From the RE/MAX Network:
A flood of listings hasn’t hit Canada’s recreational property market this spring, and is unlikely to transpire this year, according to insights fromRE/MAX Canada’s 2024 Cottage Trends Report. Despite the affordability challenges and higher interest rates that characterized the 2023 real estate market, Canada’s cottage owners are choosing to hold on to their properties in 2024 rather than selling off – a trend that’s likely influenced by the desirable quality of life alongside the prospect of future returns on recreational property ownership.
The report examines market activity in 22 recreational markets nationwide – including Muskoka and Haliburton. The report finds an anticipated 6.8 per rise in national recreational property prices for 2024, an increase in sales in 61.9 per cent of markets and that 64 per cent of Canadian cottage owners have decided not to sell this year.
It also analyzes the potential impact the recent change in the capital gains tax could have on recreational owners across the country before the June 25 deadline.
In Muskoka and Haliburton, key insights include:
- Muskoka and Haliburton are experiencing balanced markets. There is currently an increase of inventory.

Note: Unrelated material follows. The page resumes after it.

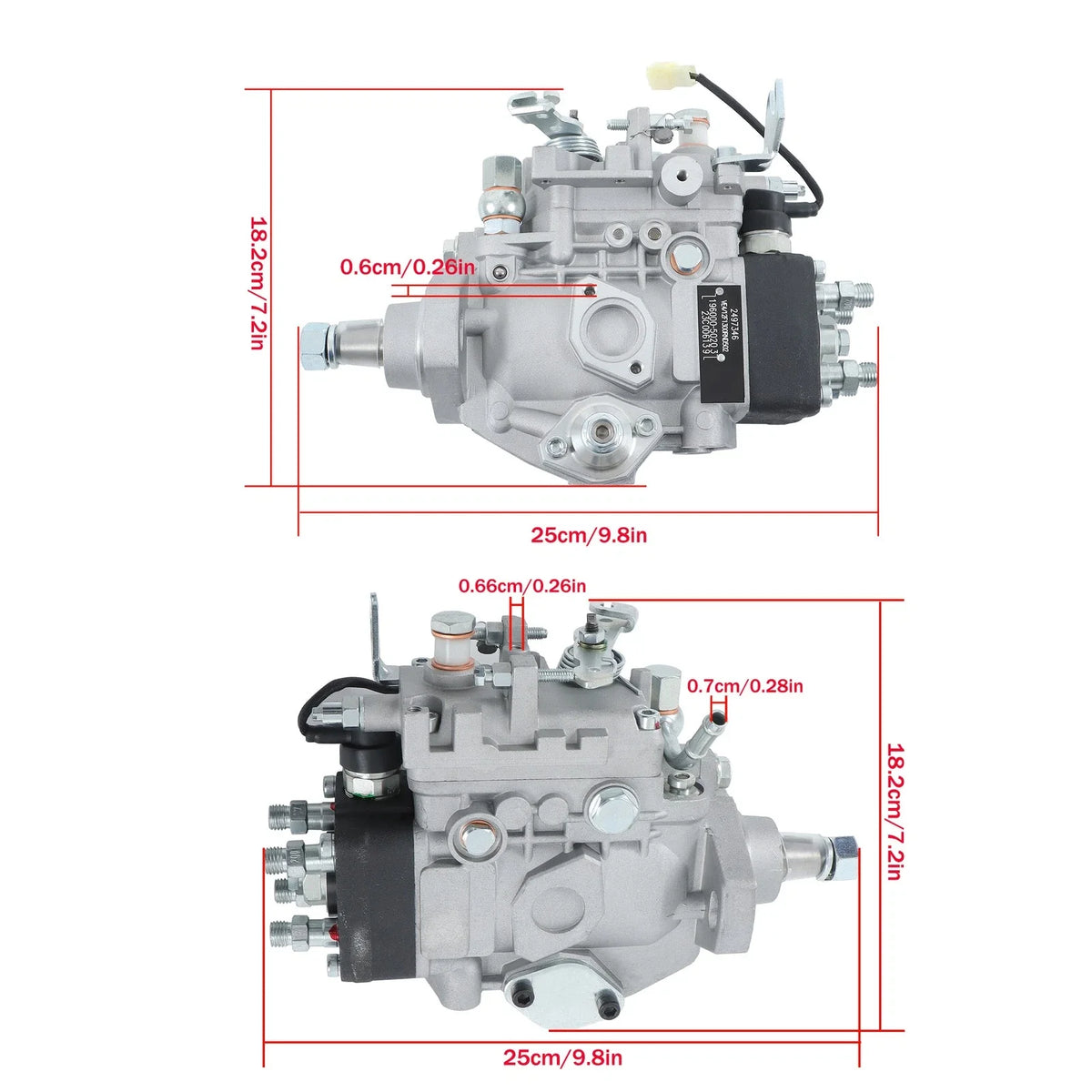 Fuel Injection Pump for Cat 236B 246B 3044C (249-7346, 196000-5020, 32A65-37030)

- Average sale prices are likely to increase by three per cent in Muskoka and six per cent in Haliburton by the end of 2024.
- Number of sales are likely to increase by five per cent in Muskoka and eight per cent in Haliburton by the end of 2024, due to high inventory and many buyers still looking for recreational properties.
Looking ahead, RE/MAX brokers and agents in Canada are anticipating an increase in recreational prices by 6.8 per cent. Meanwhile, the number of sales is expected to rise in the majority of regions analyzed (61.9 per cent), increasing between three per cent upwards of 50 per cent this year.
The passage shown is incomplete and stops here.